Beberapa orang percaya bahwa semangka yang bulat cenderung lebih manis, sedangkan yang lonjong biasanya lebih banyak mengandung air dan kurang manis aromanya.

Jadi, jika menemukan semangka dengan bentuk aneh atau tidak proporsional, sebaiknya pilih yang lain.

4. Angkat dan Rasakan Beratnya
Coba angkat semangka dan rasakan beratnya. Semangka yang matang dan penuh air gula biasanya terasa lebih berat daripada ukuran diameternya. Bandingkan dua semangka dengan ukuran mirip, lalu pilih yang terasa paling berat. Buah yang berat menunjukkan bahwa ia mengandung air yang cukup dan matang sempurna.
Sebaliknya, jika semangka terasa ringan untuk ukurannya, bisa jadi dagingnya kurang juicy atau masih belum matang.
5. Ketuk Semangka dan Dengarkan Suaranya
Ini trik klasik yang sering digunakan oleh penjual buah. Ketuk permukaan semangka dengan jari atau telapak tangan, lalu dengarkan bunyinya.
Semangka yang manis dan matang akan mengeluarkan bunyi nyaring dengan sedikit gema. Beberapa orang menggambarkannya sebagai bunyi “dent” yang dalam, bukan bunyi tumpul “duk”. Suara yang nyaring dan berpantul menunjukkan bahwa daging buahnya padat dan berair. Jika bunyinya malah dull (matte) dan tidak bergema, kemungkinan semangka masih muda atau bagian dalamnya lembek.
Namun, hati-hati juga jika bunyinya terlalu tinggi dan kering, karena bisa jadi terlalu matang.
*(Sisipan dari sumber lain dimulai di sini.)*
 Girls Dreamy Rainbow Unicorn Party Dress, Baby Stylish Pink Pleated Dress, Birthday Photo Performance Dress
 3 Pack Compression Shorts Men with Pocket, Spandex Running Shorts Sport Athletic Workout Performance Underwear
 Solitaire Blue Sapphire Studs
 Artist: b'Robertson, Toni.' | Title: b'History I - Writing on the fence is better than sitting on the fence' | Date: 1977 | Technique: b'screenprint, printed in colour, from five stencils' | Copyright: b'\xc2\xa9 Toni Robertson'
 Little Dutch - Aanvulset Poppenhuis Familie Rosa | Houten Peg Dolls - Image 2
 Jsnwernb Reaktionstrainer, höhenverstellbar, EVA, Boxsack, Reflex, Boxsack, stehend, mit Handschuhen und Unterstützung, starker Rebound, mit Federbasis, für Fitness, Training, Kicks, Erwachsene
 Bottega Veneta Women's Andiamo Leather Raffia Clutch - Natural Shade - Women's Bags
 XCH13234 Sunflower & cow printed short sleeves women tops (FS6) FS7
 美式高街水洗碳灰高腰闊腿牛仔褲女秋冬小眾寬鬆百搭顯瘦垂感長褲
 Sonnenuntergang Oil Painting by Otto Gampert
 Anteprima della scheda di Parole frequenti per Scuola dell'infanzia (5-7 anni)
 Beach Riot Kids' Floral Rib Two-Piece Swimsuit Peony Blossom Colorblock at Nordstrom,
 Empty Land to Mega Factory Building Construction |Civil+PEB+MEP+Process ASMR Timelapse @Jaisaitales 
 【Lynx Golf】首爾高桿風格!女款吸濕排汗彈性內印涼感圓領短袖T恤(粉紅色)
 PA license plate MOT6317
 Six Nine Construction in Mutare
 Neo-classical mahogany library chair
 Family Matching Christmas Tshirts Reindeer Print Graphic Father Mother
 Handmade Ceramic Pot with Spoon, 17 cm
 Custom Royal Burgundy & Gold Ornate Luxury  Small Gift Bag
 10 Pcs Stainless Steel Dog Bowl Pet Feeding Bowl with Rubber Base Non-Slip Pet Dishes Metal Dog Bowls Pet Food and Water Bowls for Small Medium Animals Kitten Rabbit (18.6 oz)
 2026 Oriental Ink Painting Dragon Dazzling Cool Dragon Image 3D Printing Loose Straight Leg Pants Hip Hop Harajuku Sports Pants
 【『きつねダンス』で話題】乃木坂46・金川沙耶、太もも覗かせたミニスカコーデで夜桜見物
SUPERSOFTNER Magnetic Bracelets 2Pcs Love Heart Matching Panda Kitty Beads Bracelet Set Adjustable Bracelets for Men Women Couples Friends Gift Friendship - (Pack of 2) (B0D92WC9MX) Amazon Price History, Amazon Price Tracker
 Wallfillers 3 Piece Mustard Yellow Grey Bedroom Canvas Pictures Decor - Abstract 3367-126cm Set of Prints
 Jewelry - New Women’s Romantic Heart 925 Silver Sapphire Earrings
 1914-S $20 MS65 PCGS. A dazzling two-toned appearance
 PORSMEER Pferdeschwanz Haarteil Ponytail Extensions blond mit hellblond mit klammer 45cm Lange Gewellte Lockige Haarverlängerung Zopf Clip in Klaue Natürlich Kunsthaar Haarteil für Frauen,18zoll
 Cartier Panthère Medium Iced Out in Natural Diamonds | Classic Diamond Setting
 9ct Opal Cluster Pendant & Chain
Intinya, pilih bunyi yang sedang—nyaring dan berisi.
6. Cek Tangkainya
Periksa apakah di semangka masih ada sisa tangkai. Beberapa semangka masih memiliki sedikit tangkai atau bekasnya di ujung.
Tangkai yang sudah kering dan kecokelatan menunjukkan bahwa semangka dipanen saat matang di pohon, sehingga rasanya manis. Jika tangkainya masih hijau dan segar, berarti semangka dipetik terlalu cepat sebelum matang.
Jadi, lebih baik memilih semangka dengan tangkai kering (jika tersedia), karena itu menandakan bahwa buahnya sudah tua dan siap disantap.